How to Allocate and Manage a Digital Marketing Budget

At the core of any CMO’s role is resource administration. It’s a critical aspect of generating the best results from people, time, expertise, technology and money. The most successful CMOs determine how best to allocate their resources, a task that can seem overwhelming when examining complex marketing budgets. 

How CMOs go about planning their digital marketing budget goes a long way toward determining their success. In this first of three articles, CMOs will learn to strike a balance between existing and emerging opportunities using the 70/20/10 rule to plan their marketing budgets.

Digital marketing budget allocation: a long-term exercise and an ongoing task

Fiscally responsible CMOs ensure balance. If the plan budgets for too much awareness media, the funnel gets filled, but there may not be enough budget to close sales as consumers reach the bottom. Spend too much on the bottom of the funnel, and there may not be enough to drive substantial volume to meet the goals.

Budget planning requires making tradeoffs. Marketers may want to pursue exciting new opportunities, but that means taking away from tried and true channels. Yet with an increasing number of digital channels and formats to consider, if marketers don’t try new things they may end up overfishing reliable channels and scrambling to their goals. Even if your digital marketing team focuses on a single channel like paid search, several internal (new offerings, promotions, assets, resources) and external (seasonality, interest, consumer trends) factors influence where and how to best allocate budget.

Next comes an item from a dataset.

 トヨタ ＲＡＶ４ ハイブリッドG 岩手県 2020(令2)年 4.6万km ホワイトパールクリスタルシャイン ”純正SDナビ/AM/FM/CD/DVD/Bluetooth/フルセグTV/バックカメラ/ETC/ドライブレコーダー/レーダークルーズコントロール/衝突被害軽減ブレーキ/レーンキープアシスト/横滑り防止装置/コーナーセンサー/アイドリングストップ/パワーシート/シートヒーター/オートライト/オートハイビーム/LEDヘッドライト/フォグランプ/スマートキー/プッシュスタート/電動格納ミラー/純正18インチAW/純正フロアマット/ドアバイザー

Marketers commonly set top-line budgets annually, but digital marketing usually requires more maintenance, with quarterly or monthly allocation adjustments. High volume, automated buying in channels like paid search or paid social should be analyzed for performance and landscape fluctuations, with budget allocations being adjusted accordingly.

Start with the 70/20/10 rule and adjust

Of course, there’s no secret recipe for marketing budget planning, but new predictive modeling technologies have emerged to help CMOs forecast media performance to better allocate budgets. For those who have yet to invest in these technologies, consider the 70/20/10 rule as a good starting point.

This rule dictates that 70 percent of the budget be allocated to “tried and true” channels, 20% allocated to “safe bets” (newer channels that seem promising, even if they haven’t proven themselves just yet), and 10% allocated to “experimental” (cutting edge, unique opportunities which might provide a big payoff). The final plan may end up being 80/15/5, 90/5/5, etc., but it’s good to have a mix of tactics to keep marketing programs fresh and evolving.